# INSTRUCTIONS FOR THE TASK
Copy the lines below exactly, starting at the one with "A lifestyle-focused image" and ending at the one with "A glass with juice and apples", and leave out any picture.

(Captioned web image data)

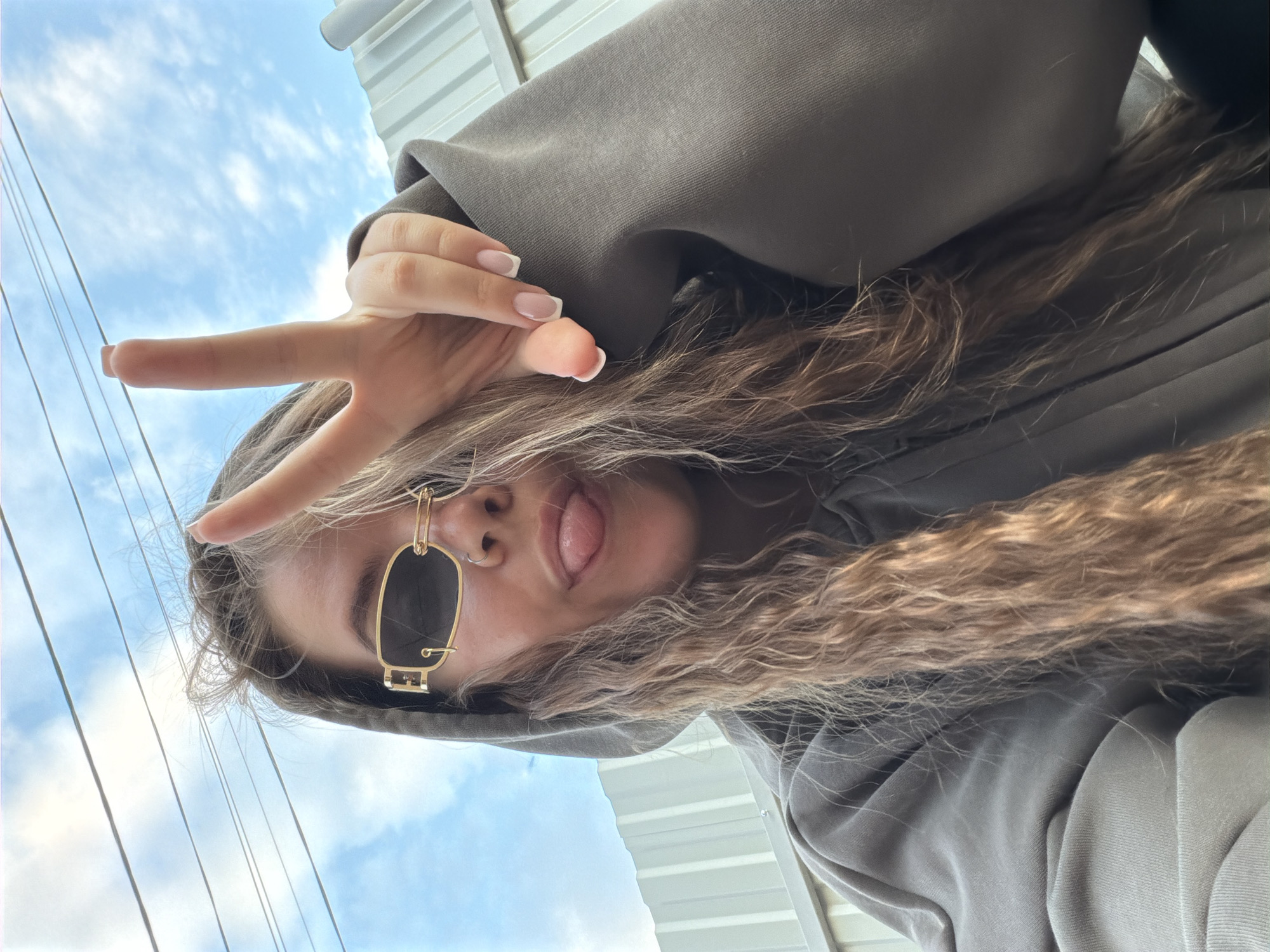 A young woman is positioned in a low-angle selfie with a view of the sky and utility wires visible above. The woman wears a dark gray hoodie with the hood up and large, black and gold sunglasses, she is sticking her tongue out and giving a peace sign with her right hand. Her long, wavy brown hair is loosely arranged around her face. The background includes a metallic structure above. There is no clear evidence to confirm the location is in Chaikovsky, Russia.
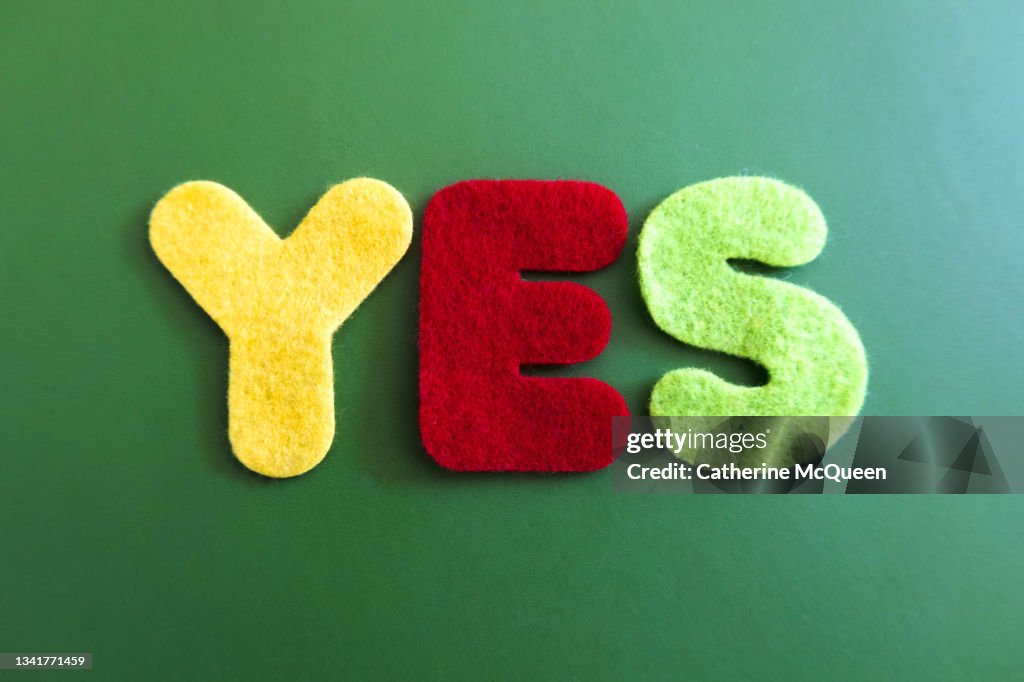 Variously colored felt alphabet letters spelling “yes”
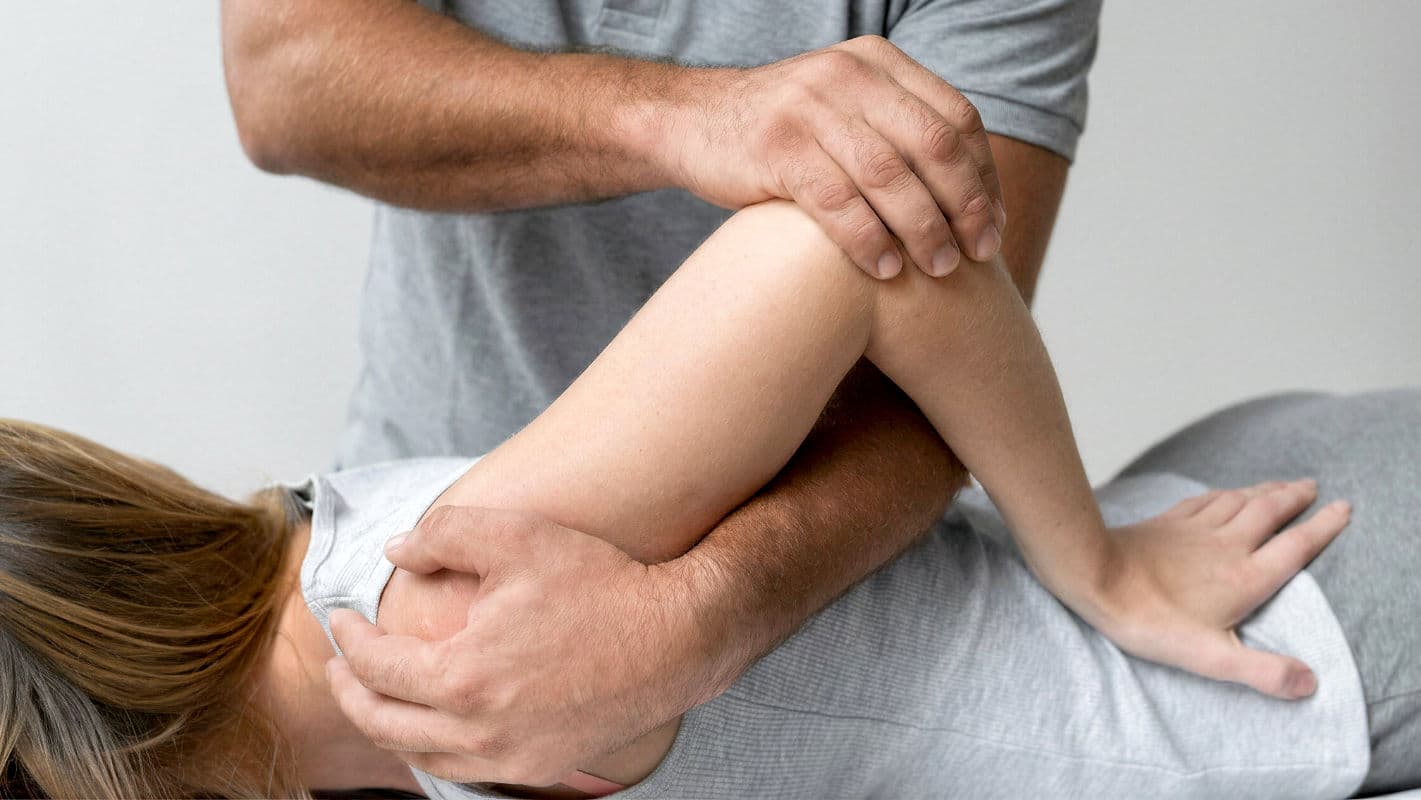 ATHERA Therapeutin behandelt Patientin an der Schulter mit manueller Therapie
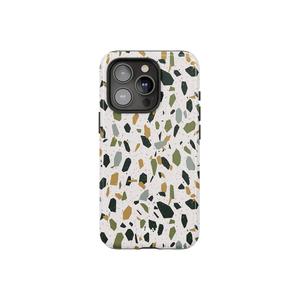 White Marble Terrazzo Phone Case by KELAB featuring a creamy base with green, mustard, and black speckles. Ideal for stylish iPhone protection.
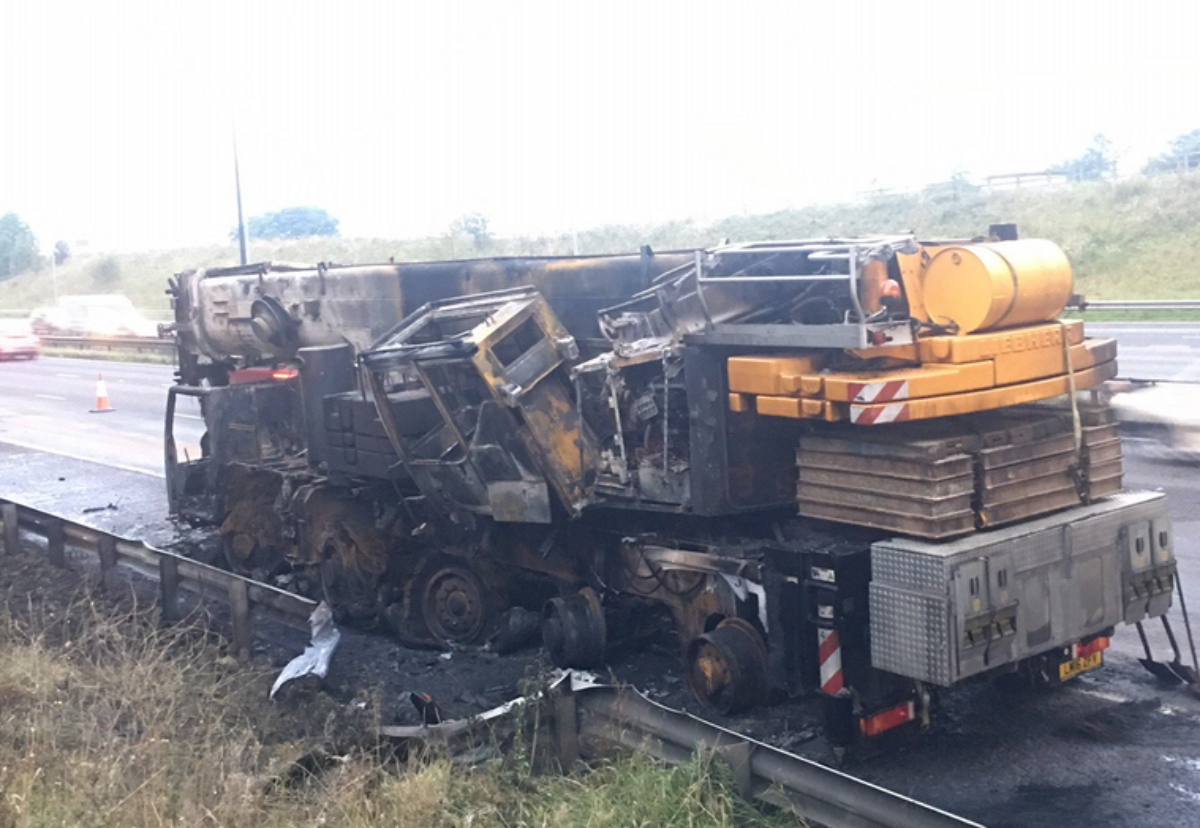 The burnt out crane was still being removed on Monday morning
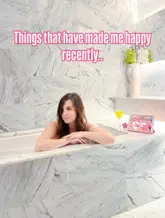 A lifestyle-focused image featuring a woman relaxing in a marble-tiled hotel bathroom, accompanied by a glass of juice and a tablet. The aesthetic is clean, bright, and aspirational, typical of travel or hotel-based influencer content.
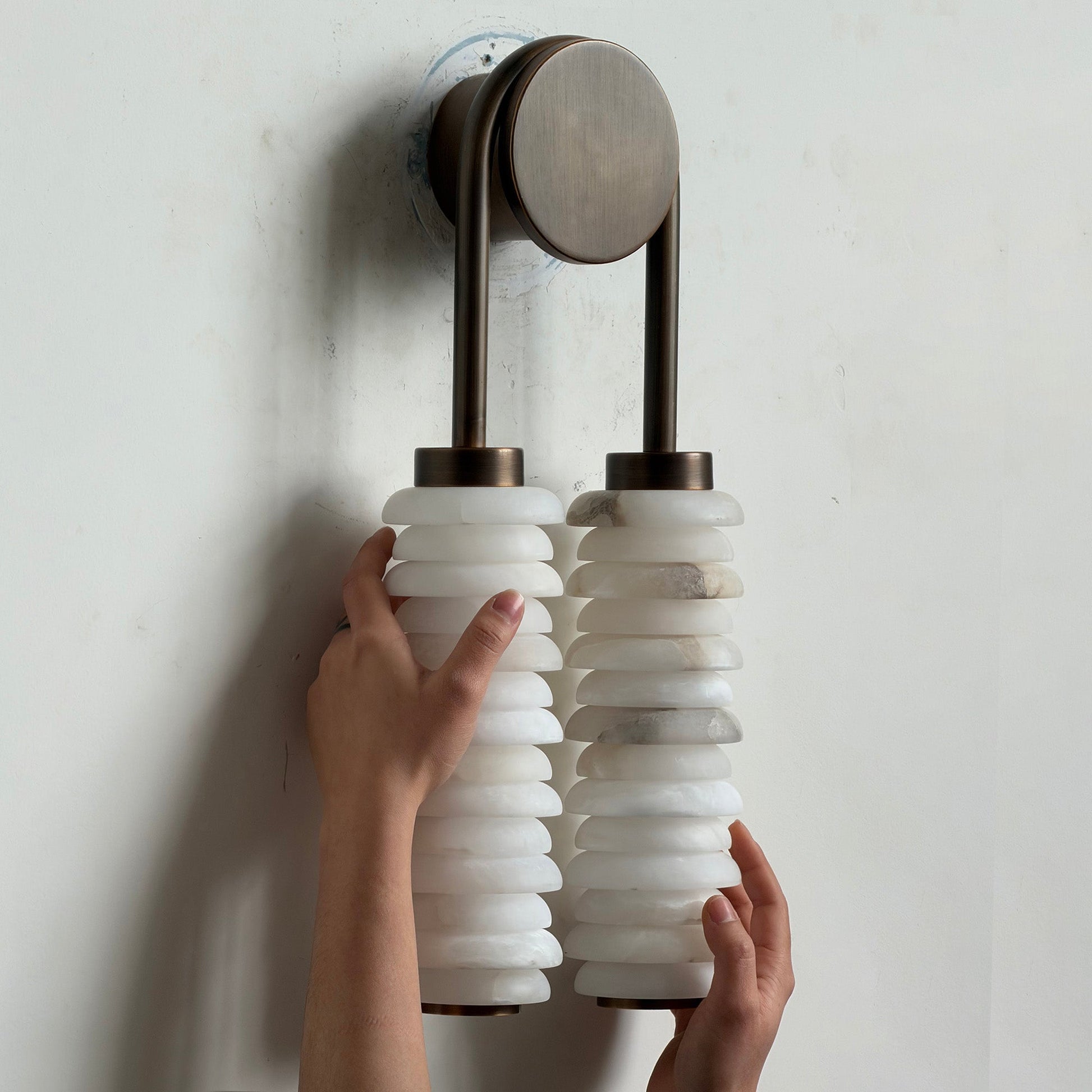 Front view of the Payson Alabaster Wall Lamp showcasing its cylindrical shade.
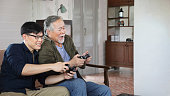 彼の居心地の良い家で彼の息子とビデオゲーム機を楽しんで定年のシニアアジアの男性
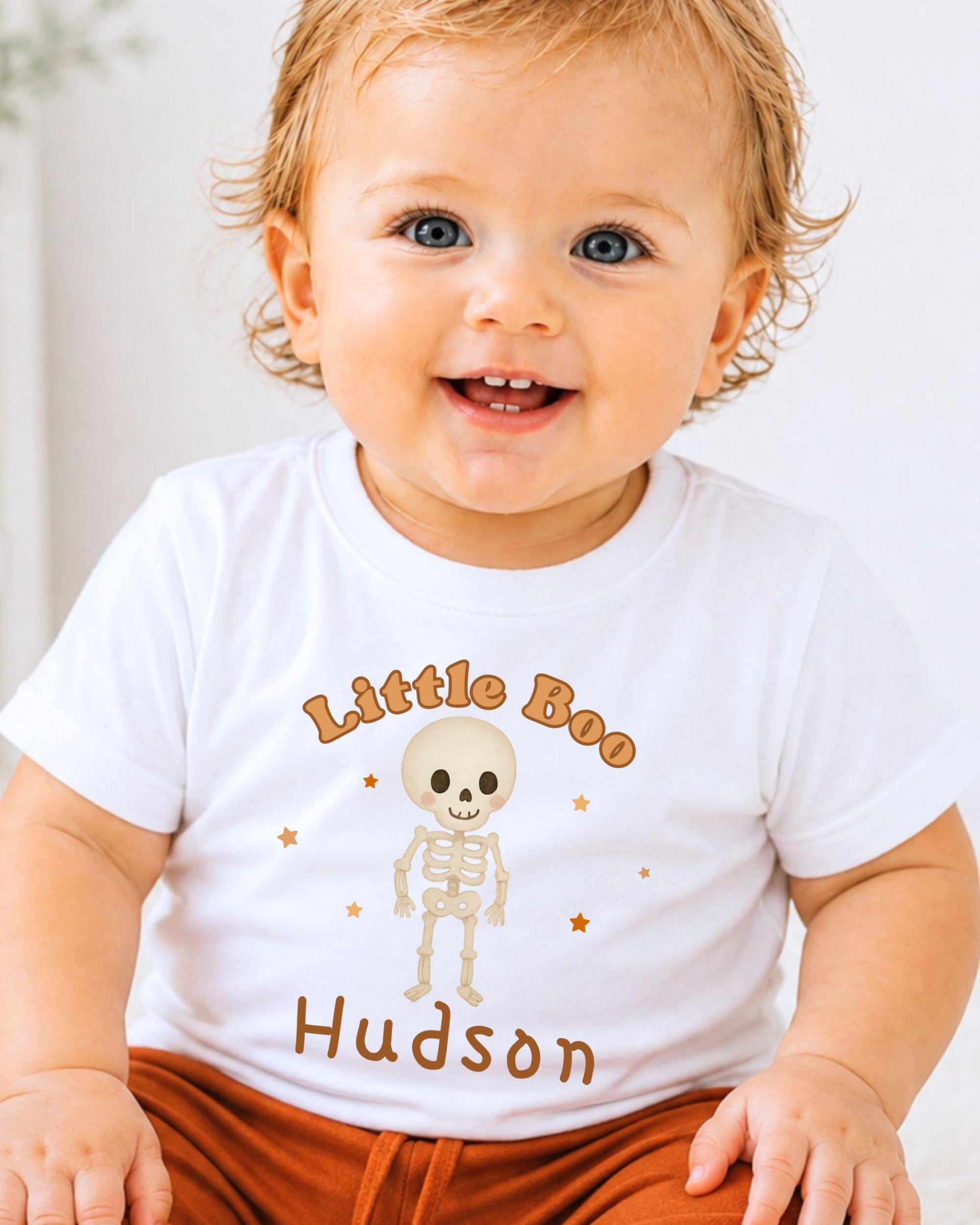 A smiling baby wearing a white t-shirt with a skeleton graphic and the name "Hudson" printed on it.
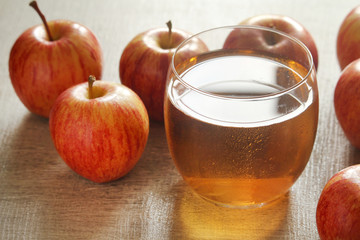 A glass with juice and apples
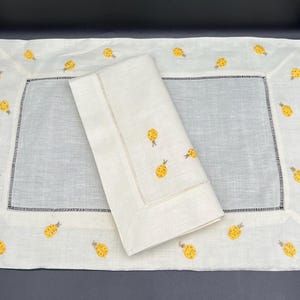 May include: A white linen table runner with a white linen napkin. Both are embroidered with yellow pineapple designs.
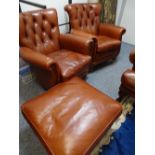 Pair of button back tan club armchairs and pouffe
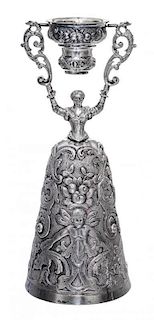 A German Silver Wager Cup, I.F. & Son Ltd., in the form of a maiden holding a swiveling cup aloft, her dress forming a larger cu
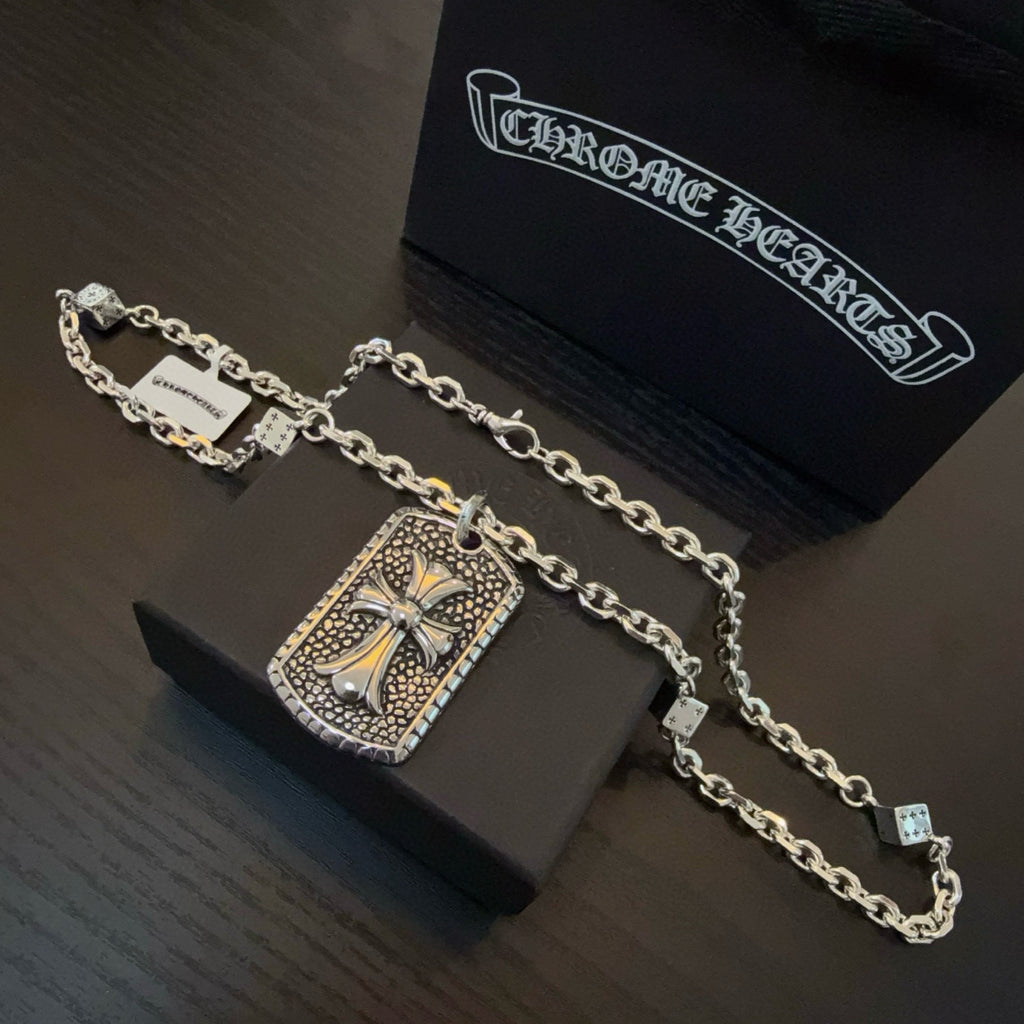 Silver-tone chain necklace with rectangular cross pendant and small charm accents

# PROBLEM SOLUTION
 A lifestyle-focused image featuring a woman relaxing in a marble-tiled hotel bathroom, accompanied by a glass of juice and a tablet. The aesthetic is clean, bright, and aspirational, typical of travel or hotel-based influencer content.
 Front view of the Payson Alabaster Wall Lamp showcasing its cylindrical shade.
 彼の居心地の良い家で彼の息子とビデオゲーム機を楽しんで定年のシニアアジアの男性
 A smiling baby wearing a white t-shirt with a skeleton graphic and the name "Hudson" printed on it.
 A glass with juice and apples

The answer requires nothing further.